ANTHONY: I cannot deny that some grief it is, cousin, indeed. But
yet, as for me, it is not half so much as it would be if they could
carry me out into any such unknown country that God could not know
where nor find the means to come at me!
But now in good faith, cousin, if my migration into a strange
country were any great grief unto me, the fault should be much in
myself. For since I am very sure that whithersoever man convey me,
God is no more verily here than he shall be there, if I get (as I
can, if I will) the grace to set mine whole heart upon him and long
for nothing but him, it can then make no matter to my mind, whether
they carry me hence or leave me here. And then, if I find my mind
much offended therewith, that I am not still here in mine own
country, I must consider that the cause of my grief is mine own
wrong imagination, whereby I beguile myself with an untrue
persuasion, thinking that this were mine own country. Whereas in
truth it is not so, for, as St. Paul saith, "We have here no city
nor dwelling-country at all, but we seek for one that we shall come
to." And in whatsoever country we walk in this world, we are but as
pilgrims and wayfaring men. And if I should take any country for
mine own, it must be the country to which I come and not the
country from which I came. That country, which shall be to me then
for a while so strange, shall yet perdy be no more strange to
me--nor longer strange to me, neither--than was mine own native
country when first I came into it. And therefore if my being far
from hence be very grievous to me, and I find it a great pain that
I am not where I wish to be, that grief shall in great part grow
for lack of sure setting and settling my mind in God, where it
should be. And when I mend that fault of mine, I shall soon ease my
grief.
Now, as for all the other griefs and pains that are in captivity,
thraldom, and bondage, I cannot deny that many there are and great.
Howbeit, they seem yet somewhat the more--what say I, "somewhat"? I
may say a great deal the more--because we took our former liberty
for a great deal more than indeed it was.
Let us therefore consider the matter thus: Captivity, bondage, or
thraldom, what is it but the violent restraint of a man, being so
subdued under the dominion, rule, and power of another that he must
do whatever the other please to command him, and may not do at his
liberty such things as he please himself?
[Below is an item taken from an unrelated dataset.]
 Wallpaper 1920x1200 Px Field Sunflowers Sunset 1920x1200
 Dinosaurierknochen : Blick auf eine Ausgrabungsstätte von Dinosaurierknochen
Now, when we shall be
carried away by a Turk and be fain to be occupied about such things
as he please to set us, we shall lament the loss of our liberty and
think we bear a heavy burden of our servile condition. And we shall
have, I grant well, many times great occasion to do so. But yet we
should, I suppose, set somewhat the less by it, if we would
remember well what liberty that was that we lost, and take it for
no larger than it was indeed. For we reckon as though we might
before do what we would, but in that we deceive ourselves. For what
free man is there so free that he can be suffered to do what he
please? In many things God hath restrained us by his high
commandment--so many, that of those things which we would otherwise
do, I daresay it be more than half. Howbeit, because (God forgive
us) we forbear so little for all that, but do what we please as
though we heard him not, we reckon our liberty never the less. But
then is our liberty much restrained by the laws made by man, for
the quiet and politic governance of the people. And these too
would, I suppose, hinder our liberty but little, were it not for
the fear of the penalties that fall thereupon. Look then, whether
other men who have authority over us never command us some business
which we dare not but do, and therefore often do it full sore
against our wills. Some such service is sometimes so painful and so
perilous too, that no lord can command his bondsmen worse, and
seldom doth command him half so sore. Let every free man who
reckoneth his liberty to stand in doing what he please, consider
well these points, and I daresay he shall then find his liberty
much less than he took it for before.
And yet have I left untouched the bondage that almost every man is
in who boasteth himself for free--the bondage, I mean, of sin. And
that it be a true bondage, I shall have our Saviour himself to bear
me good record. For he saith, "Every man who committeth sin is the
thrall, or the bondsman, of sin." And then if this be thus (as it
must needs be, since God saith it is so), who is there then who can
make so much boast of his liberty that he should take it for so
sore a thing and so strange to become through chance of war,
bondsman unto a man, since he is already through sin become
willingly thrall and bondsman unto the devil?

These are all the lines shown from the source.